Action item
Restate word for word the entries below, starting with the line with "Texte de nuances" and continuing through the line with "Dorset, Vermont/VT Postcard, A". Include both of those lines and no others.
Data to examine START
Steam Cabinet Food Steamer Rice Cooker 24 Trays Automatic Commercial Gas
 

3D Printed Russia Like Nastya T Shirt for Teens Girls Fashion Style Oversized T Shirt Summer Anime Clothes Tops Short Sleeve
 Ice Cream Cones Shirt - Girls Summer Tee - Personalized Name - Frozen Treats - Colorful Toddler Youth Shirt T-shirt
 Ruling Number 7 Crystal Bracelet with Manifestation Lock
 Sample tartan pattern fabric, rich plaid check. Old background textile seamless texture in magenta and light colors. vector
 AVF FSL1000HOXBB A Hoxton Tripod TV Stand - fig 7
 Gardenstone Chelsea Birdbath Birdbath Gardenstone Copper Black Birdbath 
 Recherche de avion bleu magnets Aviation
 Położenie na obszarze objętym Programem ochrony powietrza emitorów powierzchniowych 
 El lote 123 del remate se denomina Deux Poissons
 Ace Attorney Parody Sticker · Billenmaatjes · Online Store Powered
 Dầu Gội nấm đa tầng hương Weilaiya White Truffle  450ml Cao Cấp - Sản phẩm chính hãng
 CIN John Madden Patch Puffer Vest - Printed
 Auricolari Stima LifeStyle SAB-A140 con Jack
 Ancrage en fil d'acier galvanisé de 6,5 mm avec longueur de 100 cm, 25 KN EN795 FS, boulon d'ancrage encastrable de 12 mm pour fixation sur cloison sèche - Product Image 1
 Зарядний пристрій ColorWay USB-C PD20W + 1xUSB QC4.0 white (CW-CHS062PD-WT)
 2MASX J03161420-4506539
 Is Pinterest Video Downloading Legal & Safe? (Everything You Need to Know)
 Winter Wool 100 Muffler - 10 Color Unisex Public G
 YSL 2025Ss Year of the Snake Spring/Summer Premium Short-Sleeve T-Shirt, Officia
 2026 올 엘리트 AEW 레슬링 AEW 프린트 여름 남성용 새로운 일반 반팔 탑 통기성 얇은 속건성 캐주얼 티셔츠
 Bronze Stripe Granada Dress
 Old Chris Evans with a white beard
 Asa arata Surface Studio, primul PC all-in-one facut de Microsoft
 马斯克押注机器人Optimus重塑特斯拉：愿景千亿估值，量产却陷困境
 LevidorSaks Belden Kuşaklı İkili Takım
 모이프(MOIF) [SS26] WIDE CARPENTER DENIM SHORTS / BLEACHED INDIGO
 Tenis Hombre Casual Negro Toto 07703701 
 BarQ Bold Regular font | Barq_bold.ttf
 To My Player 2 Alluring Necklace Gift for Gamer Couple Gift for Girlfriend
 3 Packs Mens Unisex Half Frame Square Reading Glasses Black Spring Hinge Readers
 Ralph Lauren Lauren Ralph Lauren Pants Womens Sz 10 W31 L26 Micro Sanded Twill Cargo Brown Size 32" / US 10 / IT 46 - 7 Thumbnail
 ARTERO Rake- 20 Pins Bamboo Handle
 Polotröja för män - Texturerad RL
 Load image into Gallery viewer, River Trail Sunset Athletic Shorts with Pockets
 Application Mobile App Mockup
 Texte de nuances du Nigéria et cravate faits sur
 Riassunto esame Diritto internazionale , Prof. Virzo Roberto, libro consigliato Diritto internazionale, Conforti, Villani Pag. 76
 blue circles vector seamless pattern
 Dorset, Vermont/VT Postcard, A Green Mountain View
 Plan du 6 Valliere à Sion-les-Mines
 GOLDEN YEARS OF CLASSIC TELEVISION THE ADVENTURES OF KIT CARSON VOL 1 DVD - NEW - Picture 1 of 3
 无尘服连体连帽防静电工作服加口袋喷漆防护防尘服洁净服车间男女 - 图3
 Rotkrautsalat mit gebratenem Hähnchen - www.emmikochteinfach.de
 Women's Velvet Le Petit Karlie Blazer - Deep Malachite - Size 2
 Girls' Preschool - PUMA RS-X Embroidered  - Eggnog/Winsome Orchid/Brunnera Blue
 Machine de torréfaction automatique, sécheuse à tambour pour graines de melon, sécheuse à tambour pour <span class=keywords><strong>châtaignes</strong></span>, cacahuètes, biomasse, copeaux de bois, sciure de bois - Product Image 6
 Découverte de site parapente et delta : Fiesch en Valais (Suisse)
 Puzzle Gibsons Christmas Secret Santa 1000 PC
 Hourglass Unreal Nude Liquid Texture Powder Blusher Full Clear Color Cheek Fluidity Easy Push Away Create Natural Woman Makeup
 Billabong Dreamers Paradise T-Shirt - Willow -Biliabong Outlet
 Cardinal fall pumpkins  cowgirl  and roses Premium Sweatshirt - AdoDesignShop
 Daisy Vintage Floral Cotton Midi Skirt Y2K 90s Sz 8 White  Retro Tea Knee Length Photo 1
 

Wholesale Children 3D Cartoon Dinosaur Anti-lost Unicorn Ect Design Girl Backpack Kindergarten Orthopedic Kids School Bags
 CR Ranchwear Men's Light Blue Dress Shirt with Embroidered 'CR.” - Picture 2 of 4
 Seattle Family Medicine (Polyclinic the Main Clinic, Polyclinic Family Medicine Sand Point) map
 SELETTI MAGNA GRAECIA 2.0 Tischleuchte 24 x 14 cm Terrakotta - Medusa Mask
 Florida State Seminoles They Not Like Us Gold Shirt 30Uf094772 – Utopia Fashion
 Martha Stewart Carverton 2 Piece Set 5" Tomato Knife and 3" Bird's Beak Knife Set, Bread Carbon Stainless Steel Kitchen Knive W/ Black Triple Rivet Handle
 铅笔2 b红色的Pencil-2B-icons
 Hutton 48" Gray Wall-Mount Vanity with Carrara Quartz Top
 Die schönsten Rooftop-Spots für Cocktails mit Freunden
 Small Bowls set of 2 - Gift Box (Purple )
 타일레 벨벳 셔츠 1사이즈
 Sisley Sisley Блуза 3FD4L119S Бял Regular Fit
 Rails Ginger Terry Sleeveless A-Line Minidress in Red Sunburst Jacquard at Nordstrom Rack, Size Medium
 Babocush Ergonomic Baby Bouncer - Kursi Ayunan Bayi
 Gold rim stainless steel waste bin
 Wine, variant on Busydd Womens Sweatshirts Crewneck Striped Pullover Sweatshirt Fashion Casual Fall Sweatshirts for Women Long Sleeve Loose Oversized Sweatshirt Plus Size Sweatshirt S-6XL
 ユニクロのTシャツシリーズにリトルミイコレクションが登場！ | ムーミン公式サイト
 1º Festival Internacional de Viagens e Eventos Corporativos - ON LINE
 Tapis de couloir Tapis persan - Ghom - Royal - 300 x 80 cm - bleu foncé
Data to examine END
Expected output
 Texte de nuances du Nigéria et cravate faits sur
 Riassunto esame Diritto internazionale , Prof. Virzo Roberto, libro consigliato Diritto internazionale, Conforti, Villani Pag. 76
 blue circles vector seamless pattern
 Dorset, Vermont/VT Postcard, A Green Mountain View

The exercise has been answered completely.